• _What is expected_
Copy each line below word for word and drop every image.

• _Records provided_

━━━

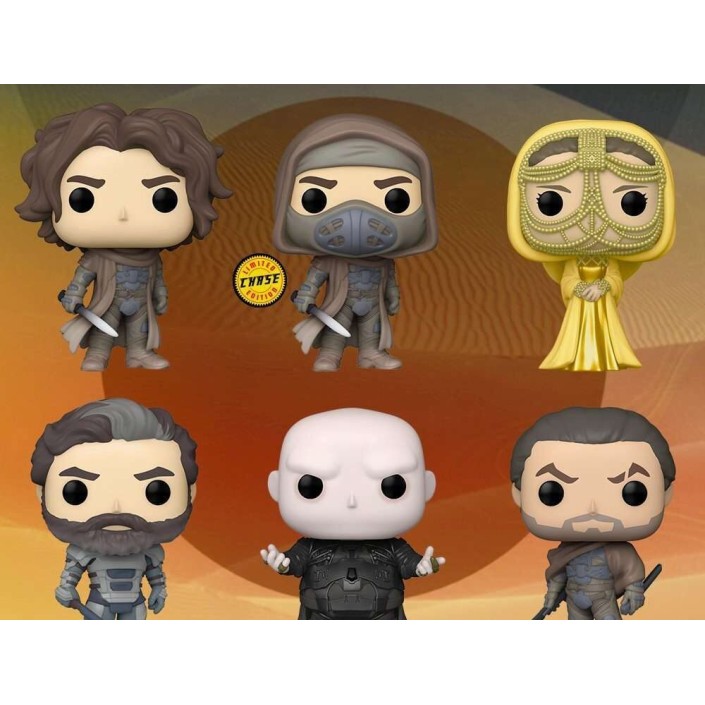 Figura Funko Pop! Películas Dune Duncan Idaho...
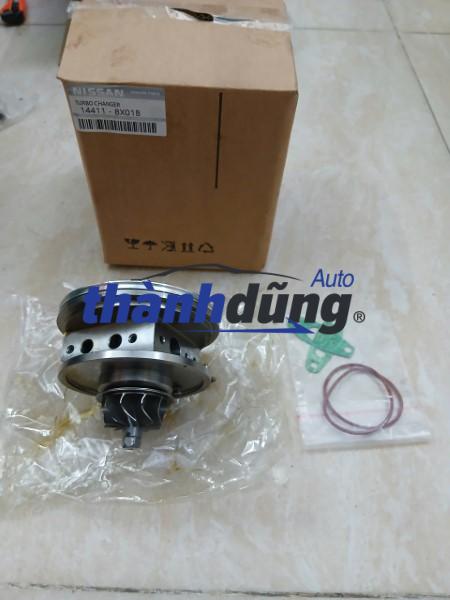 RUỘT TURBO NISSAN NAVARA YD25 2014 | 144118X01B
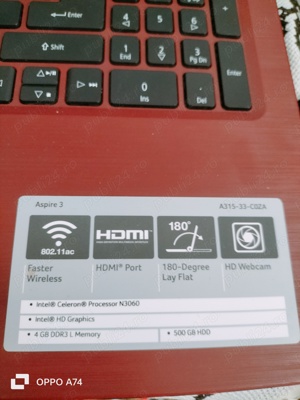 Vand laptop  - imagine 4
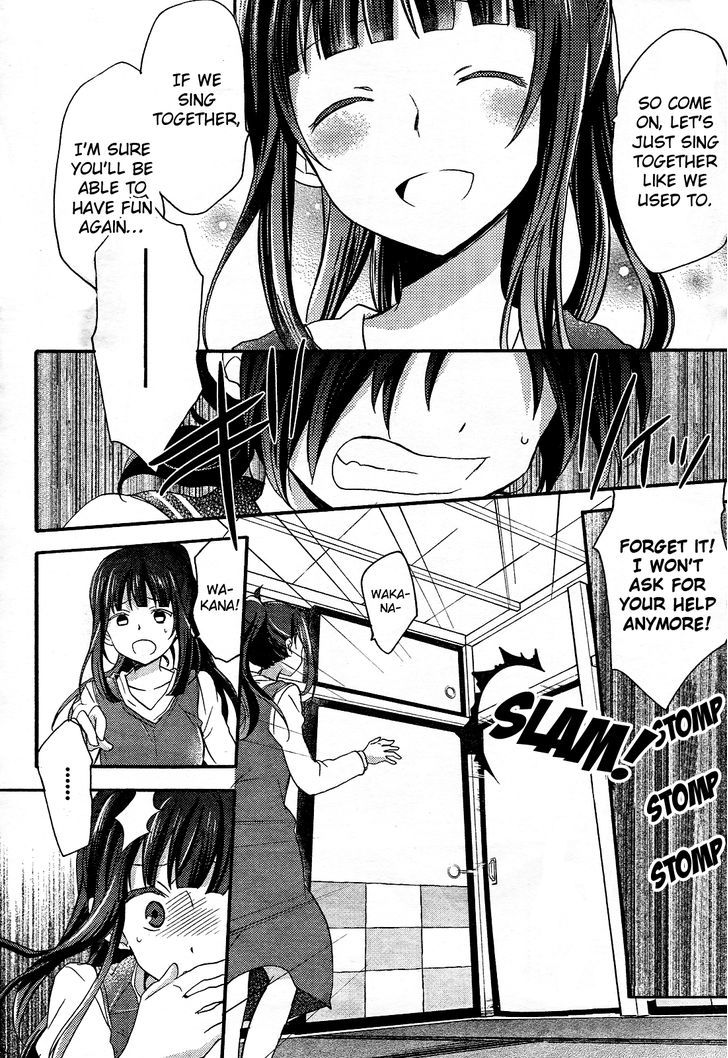 Tari Tari - Chapter 4 : I Can't Sing All Alone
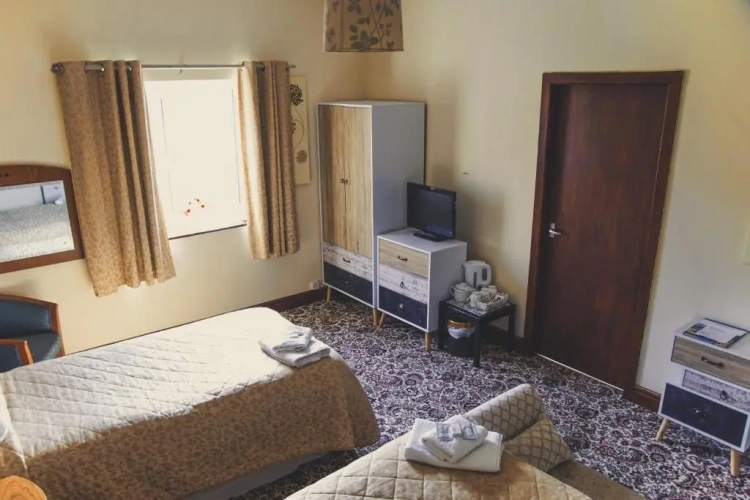 Standard Family room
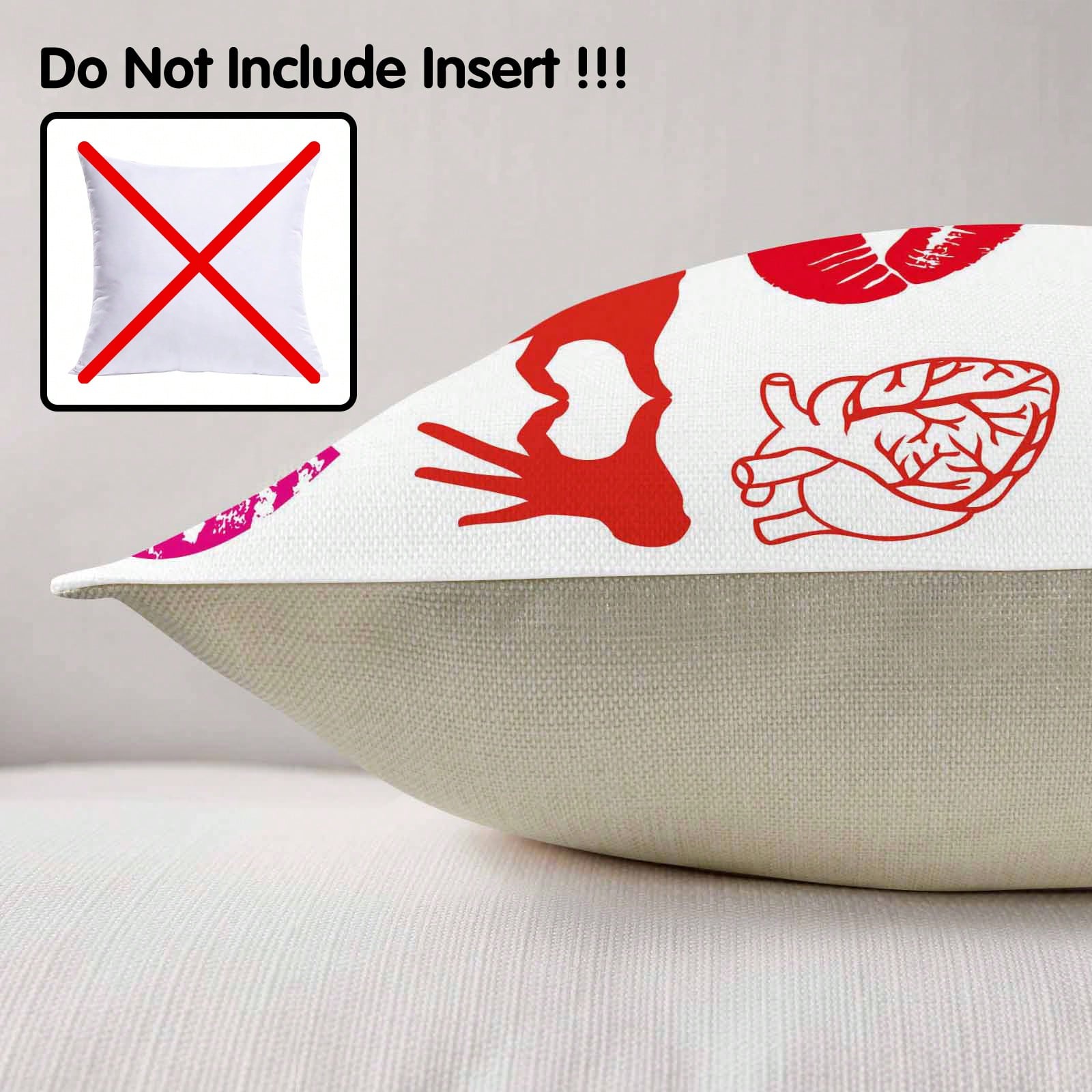 4 قطع من أغطية الوسائد الخريفي - مراجعة Pillow Insert 18X18 وسعره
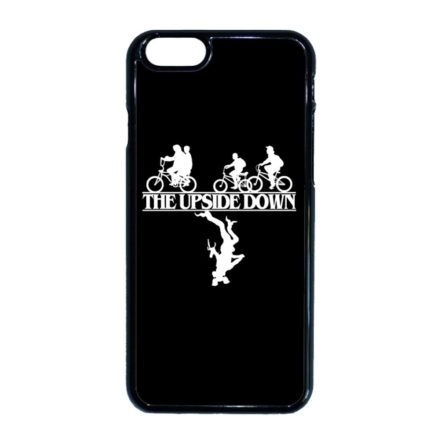 The Upside Down - Stranger Things iPhone 6 fekete tok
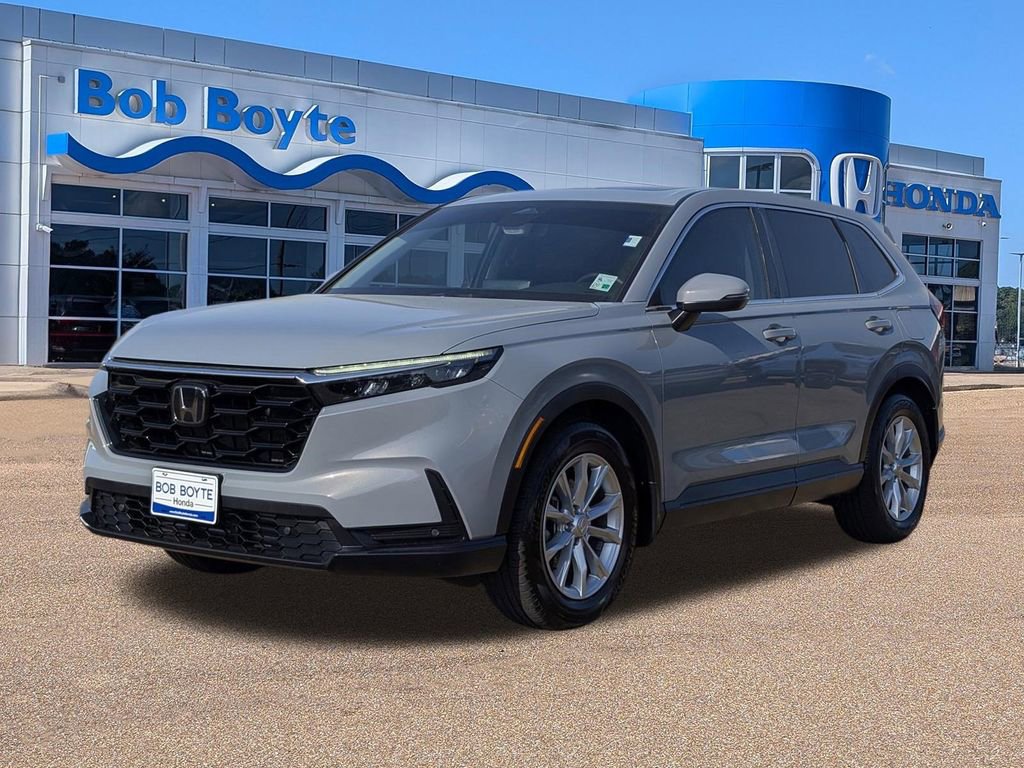 Certified 2025 Honda CR-V EX-L image 7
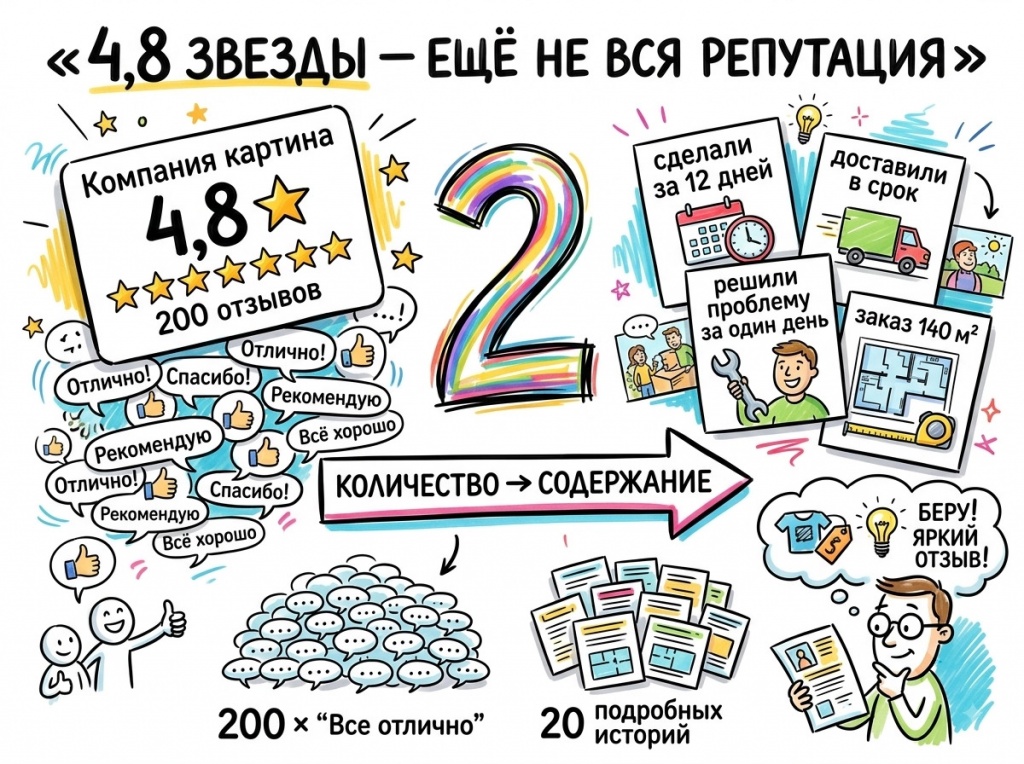 почему важны отзывы почему важны отзывы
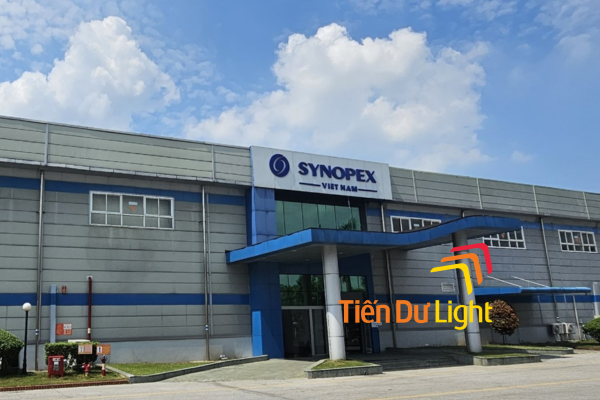 Logo nhà xưởng Bắc Ninh: Thiết kế đẹp, bền bỉ, nổi bật từ xa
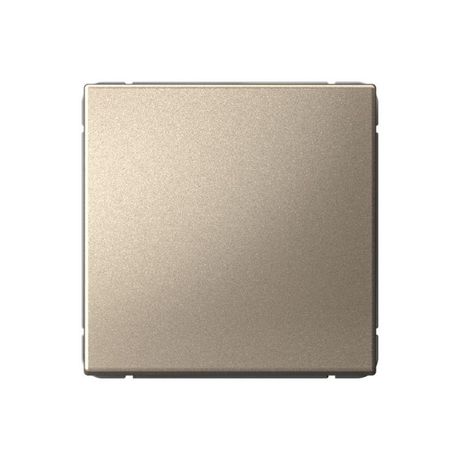 Выключатель кнопочный 1-кл. ArtGallery 10А механизм шампань SE GAL000515 APC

━━━

• _Solution to the exercise_
 Figura Funko Pop! Películas Dune Duncan Idaho...
 RUỘT TURBO NISSAN NAVARA YD25 2014 | 144118X01B
 Vand laptop  - imagine 4
 Tari Tari - Chapter 4 : I Can't Sing All Alone
 Standard Family room
 4 قطع من أغطية الوسائد الخريفي - مراجعة Pillow Insert 18X18 وسعره
 The Upside Down - Stranger Things iPhone 6 fekete tok
 Certified 2025 Honda CR-V EX-L image 7
 почему важны отзывы почему важны отзывы
 Logo nhà xưởng Bắc Ninh: Thiết kế đẹp, bền bỉ, nổi bật từ xa
 Выключатель кнопочный 1-кл. ArtGallery 10А механизм шампань SE GAL000515 APC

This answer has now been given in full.